Ottawa Senators

Ottawa Senators V. 2010: And the Beat(ings) Go On

OTTAWA, ON - OCTOBER 14:  Jamie McBain #4;Jeff Skinner #53;Eric Staal #12 and Erik Cole #26 of the Carolina Hurricanes celebrate a goal against Brian Elliott #30 of the Ottawa Senators during a game at Scotiabank Place on October 14, 2010 in Ottawa, Ontario, Canada.  The Ottawa Senators defeated the Carolina Hurricanes 3-2.  (Photo by Phillip MacCallum/Getty Images)
Phillip MacCallum/Getty Images
Gerald NortonFeatured ColumnistDecember 31, 2010

Jesus wept, was that game ever brutal.

I swear, had there been a rusty spoon about, I would have gladly dug out my eyes in favour of suffering the sight of that dismal performance.

Unfortunately there wasn’t, so my masochistic tendencies had me endure the full 60 minutes of sensory torture at the hands of the increasingly sadistic Ottawa Senators.

Why?  Why so awful?

How does a team come out charging, and beat one of the finest teams in the league, then in the very next game, lay a steaming pile at centre ice for the enjoyment of the paying home crowd?

Are they trying to empty the building?

I won’t even get into the officiating…even I’m not that much of a masochist.  Potvin and Brown pretty much summed up my feelings on that aspect of the game.  When the commentators are openly questioning the skill/character of the officials, you know there’s an issue.

Add to this the fact that every team Ottawa is hoping to catch, with the exception of Montreal, seem to be playing each other every night, and going to over-time, has the post season picture becoming no less bleak with every passing game.

This year has truly been a difficult one to enjoy.

How do Leaf followers do it…seriously?

Well, there is at least a modicum of good news.  With the win over PIT, combined with the recent loss to CAR, Ottawa still sits at the all important P% of o.625, over the last 8 games.
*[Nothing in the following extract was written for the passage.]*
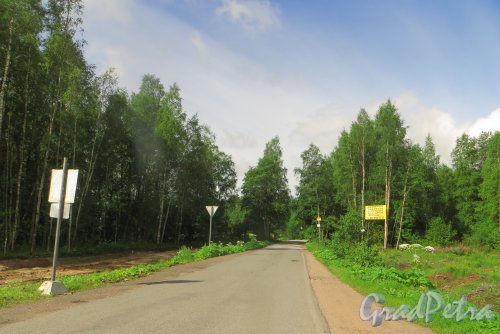 Дорога в сторону коттеджных поселков «Репинская усадьба», «Новый Мир», «Polianka», «Hilltop Village», СНТ «Сестроречье» от трассы Е-18 «Скандинавия». Фото 23 июля 2015 года.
This is the mark the Sens need to remain at, or better, if they have any hope of making the post season.

What really stings about that loss is the fact it represented a four point game, or rather, a game that, had they won, would have cost a competing team with an important win, and further padded their own P%.

Not to mention establishing the first sustained win streak since November.

Instead, a direct competitor walked out with two points, the Sens again look either incapable, or un-willing to compete, even against marginal teams, and the paying fan base is subjected to another demoralizing/insulting home performance.

One way or another, it has to stop.

The fans of this city will remain steadfast in their support of this team, but not this roster, or it’s management.  We will not accept mediocrity for the security of inaction.

If management wants to lose now, to win later, the fans will support this, just do it.

This means blow it up.  Make available every player for trade, outside of perhaps Alfie, and the young core they will need in order to facilitate a re-build.  If Alfie wants to go to a contender, he’s earned this right, IMO, and I would never question his loyalty to Ottawa, should he do so.

Obviously any key trade, such as a Spezza, would have to garner a sizeable return as, like him or not, #1 centres are simply not there to be had.  Possibly a team on the cusp of breaking through (PHX, CLB or even a desperate team like CGY or NSH) might part with a talented young centre in return for a more ready to go player such as Spezza, i.e.

J. Spezza & F. Kuba to CLB for R. Johansen, N. Filitov & M. Commodore

or

J. Spezza to NSH for D. Legwand, 2010 1st & 2nd, 2011 1st.

Those would be the only sort of in-season deals I would consider for Spezza, otherwise, wait for the off-season when cap space is more available.

I would love to see Phillips moved, to a contender, both for him and the team, but only if the Sens feel the post-season is out of the picture.  I have little doubt he would return to Ottawa, and this may well be the reason behind the lack of contract talks to date.

I believe both Alfie and Phillips fit into this team, even if rebuilding, as they bring the all important elements of leadership, experience and legacy needed to foster a young roster.